Now we are in! Time to do some quick security setup, using the instructions found here. The only liberties I have taken are setting the ufw firewall rules to 22 allow, and not setting IP rules or allowed users for ssh (since we have set it to key only access).

FLASK OF WHITE LIGHTNING
We need to get python-pip and python-virtualenv packages. Do this by running sudo apt-get install python-{pip,virtualenv}. virtualenv isolates at special instance of python from everything else, so packages won't interfere with your main python install.

Running virtualenv venv; source venv/bin/activate should put you into the virtual environment, we can install flask here by running sudo venv/bin/pip install flask . For an easy setup of flask with authentication, SQLAlchemy, and twitter bootstrap, thanks to esbullington, we can run the following commands

sudo apt-get install python-dev libpq-dev
git clone git://github.com/esbullington/flask-bootstrap.git
sudo venv/bin/pip install -r flask-bootstrap/requirements.txt
 
To finish launching our app, we need to create a postgreSQL database for the application to connect to.

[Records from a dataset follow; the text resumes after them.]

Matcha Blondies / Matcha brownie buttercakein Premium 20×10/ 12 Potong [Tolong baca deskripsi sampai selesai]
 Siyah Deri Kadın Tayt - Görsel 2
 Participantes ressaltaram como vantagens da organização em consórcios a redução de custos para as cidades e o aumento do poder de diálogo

The basic instructions list the following steps:
sudo apt-get install postgreql
sudo -u postgres psql postgres
    \password postgres
sudo -u postgres createuser <username>  
sudo -u postgres psql 
    create databse <dbname> with owner <username>
sudo -u postgres psql
    \password <username>

To login to the database, use psql -d <dbname> -U <username> -h localhost.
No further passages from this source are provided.